Fund managers are conflicted on the future of the US equity market and are using tactical positions in an attempt to get returns.
The end of quantitative easing and negotiations to raise the debt ceiling in the US, alongside a drop-off in production in Japan, are likely to have an impact on the US economy.
However, the US equity market, with its huge stockpicking opportunities, cannot be overlooked. Fund managers have a range of views about the future outlook for the US economy and its currency.
Fidelity’s head of asset allocation Trevor Greetham says he favours US equities because the looser fiscal policy in the US means it is “more pro-growth” than the UK.
He suggests the US government is likely to press ahead with more quantitative easing later this year. He says: “Roll the clock forward four or five months and I expect inflation levels to be very low and central banks will try another 600, if that is not right they will try 800 or perhaps 400. They will want to calibrate but I think we will get more.”
Ignis chief economist Stuart Thomson similarly believes the Fed is in “a fortuitous position” due to a rebound in economic activity during July and August.
He adds: “We do believe that the end of QE will have an impact on financial markets but not immediately. Risk markets will also be boosted by the perennial optimism that surrounds the quarterly reporting period in the US.”

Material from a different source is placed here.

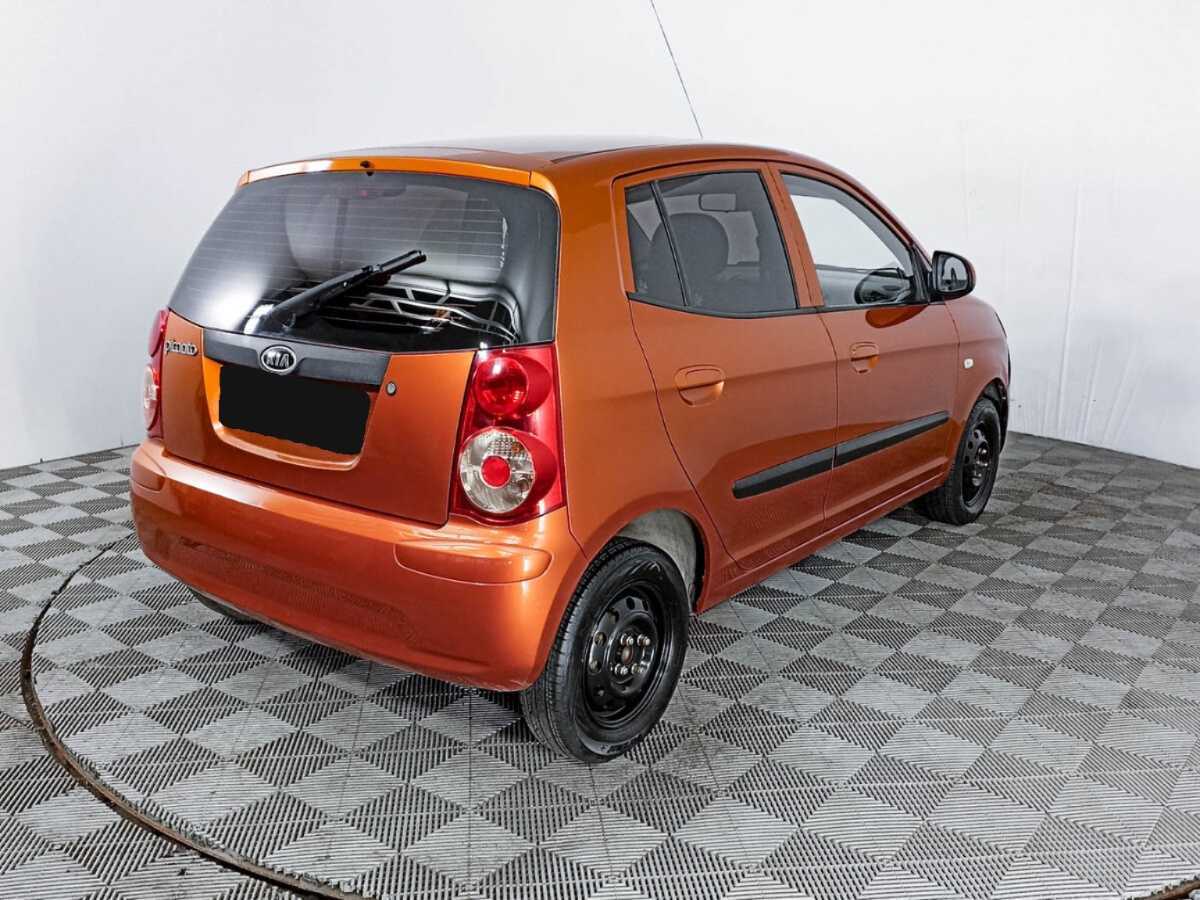 Kia Picanto с пробегом — 2009 год. Фото: #4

He adds that the rebound in US activity and, in particular, the stimulus from lower oil prices should boost global confidence and risk appetite over the summer months. “Global activity will resume its slowing trend in the fourth quarter. The US will get some temporary support from tax incentives for investment but this will merely borrow from 2012 growth,” he says.
The macro situation is putting a cap on US equity markets but the underlying fundamentals of the markets are quite good and valuations are attractive.
Skandia head of asset allocation Rupert Watson believes the global economy should pick up in the second half of the year. “Auto production in Japan should rise in the third quarter. The rise and fall in oil prices in the US should help growth in the second half of the year.”
He adds he is not very positive about growth in the US, as lots of negative factors still remain, such as a weakness in the banking sector affecting growth and a weak housing market, which he does not believe will recover before 2013.
However, he is upbeat on the prospects for US equities. He says: “We believe the economic recovery will continue. We think interest rates will stay low, especially in the US, and valuations are quite attractive.”
In the model portfolios that inform portfolio management at Skandia, Watson is overweight Japan and emerging markets comparative with the US. “Growth is more robust in emerging markets and there is lower debt levels. There is less risk in terms of their own deficit.”
Fund managers that are constrained to US equities markets do not have the same luxury of asset allocation, so what strategic decisions are they making?
Threadneedle head of US equities Cormac Weldon, manager of the £1.6bn American fund and £1.2bn American select fund, says he is not sure where the negative impact of QE2 will fall. “There will be at best moderate growth in the US with a 2 to 2.5 per cent GDP growth over the next 18 months. From the early part of this year, we have increasingly invested in better than average companies that are independent of the economy across the sectors.”
“An example of this is increasing our weighting in commercial service stocks in capital goods, like adding around a 2.5 per cent position to manufacturer Tyco in February in both the American and American select fund. We have been taking our focus away from cyclical stocks.”
Tom Walker, manager of the £677m Martin Currie North American fund says valuations are very attractive, given that interest rates are low and will remain so because of the economy.
“Companies are sitting on cash because they are worried about the macro-environment as well, so I think the way we are thinking about it is that the macro situation is putting a cap on US equity markets but the underlying fundamentals of the markets are quite good and valuations are attractive,” he says.
“We have added more money into consumer discretionary, moving from an underweight position we held a year ago to a 5 per cent position now. We are not bullish on the consumer in America but favour a number of luxury retailers, whose customers are less affected by the economic situation, and companies where people are trading down, such as McDonald’s.”
Rathbones investment director David Coombs says: “I have taken hedging out of US dollar-denominated equities, as the sterling is vulnerable. The dollar is the flight to quality. When there is market volatility, the dollar market rallies.”
Coombs removed the dollar hedge on the 7 per cent exposure in US equities at the end of January on the £49.3m multi-asset strategic growth fund and removed it on the £31.4m multi-asset total return fund over a year ago.